|This sheep could be an archmage. You don't know. Stop judging.|
You’re All Just Sheeple (level 2, illusionist)
This perception-affecting curse has led to numerous embarrassments and the occasional marriage-wrecking revelation. Upon failing their save vs spells, the target perceives every creature of its own species within sight to be a sheep; the effect lasts for one turn, plus one round per level of the caster. Spoken language from the illusory sheep will sound like bleating to the victim. Note that different creatures may react quite differently to the curse; a human might be confused and disbelieve, or think themselves gone mad, whereas the dumbest wolf in the pack might just do something quite useful for a fleeing party of adventurers… This is both an illusion and a mind-affecting spell, and although there is an auditory effect, the enchantment is primarily optical and will not function against creatures without eyes.
Leg of Lamb (level 2)
The sorceror’s legs transform into those of a sheep, becoming faun-like for seven hours. While thus ensorcelled, the wizard receives +2 on saves against magic of fairy origin; however, they also suffer a -2 on any attempts at jumping, climbing, balance, dancing, etc. Creatures which naturally hunt sheep may take a strong interest in pursuit of the wizard.
Mutton Chops (level 3)
An odd form of divination, this spell allows the caster a brief look at the future, to a particular, fashionable end. To enact the spell, the wizard affixes two pieces of sheep-flesh to the sides of their face and dons a wide-brimmed hat (a traditional sign of wisdom), then drinks of either a very cheap alcohol or a very expensive sort. On repeating the words of the spell, which are always an ode to ignorance (“O! How unlikely that thou hast known of this!”), the wizard receives a flash of information from the future which will inform him or her of some passing trend, currently unknown, which will be in great favor in the next six to twelve months. The vision could speak of a fashion in clothing, music, food, pet ownership, etc; on occasion the future-trend may be of greater adventuring use (“Simply everyone will be delving the Murderdeeps this winter.” “Hmm, we’d better get down there before all the gold’s cleared out, then…”). Clever wizards can use this spell to increase their fame by being seen as trend-setters.
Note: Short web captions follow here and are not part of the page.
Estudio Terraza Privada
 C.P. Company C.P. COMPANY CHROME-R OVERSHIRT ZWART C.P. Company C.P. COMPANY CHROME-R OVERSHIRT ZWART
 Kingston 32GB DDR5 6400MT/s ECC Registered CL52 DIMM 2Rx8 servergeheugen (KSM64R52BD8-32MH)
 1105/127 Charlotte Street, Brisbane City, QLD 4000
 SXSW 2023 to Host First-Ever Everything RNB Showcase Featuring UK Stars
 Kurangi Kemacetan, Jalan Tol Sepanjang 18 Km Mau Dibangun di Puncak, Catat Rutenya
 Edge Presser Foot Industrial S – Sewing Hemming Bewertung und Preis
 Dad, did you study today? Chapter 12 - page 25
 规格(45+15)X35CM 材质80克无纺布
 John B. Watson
Woolgathering (level 1, illusionist)
The sorceror dunks a small piece of wool in alcohol, casts the spell, then places the wool briefly on their tongue, then in their pocket. For the next turn per level, the wizard’s mind is partially occupied by lucid daydreams. While this altered state can be distracting (-1 to everything, including to hit and AC), the wizard’s mind is well-prepared for dream-things and strange shifts of reality. During the spell’s effect, the wizard gains a +2 bonus to detect illusions, manifestations of dream or nightmare, hard-to-perceive hauntings, out-of-phase transdimensional portals, and the like.
Hello, Dolly (level 1)
The caster lays both hands on a sheep, then utters the incantation; the following round, the sheep bleats loudly and splits into two identical sheep. Depending on the campaign, this may be accompanied by either a comical “pop” sound and flash of light, or the agonizing sound of mutton ripping. The two sheep cannot easily be told apart, but they are both living, functional creatures. When dawn next rises, one of the sheep - determined randomly - and any products taken from it will dissolve out of existence. This is primarily an issue for wool or hide; presumably any flesh or milk would have been digested come dawn.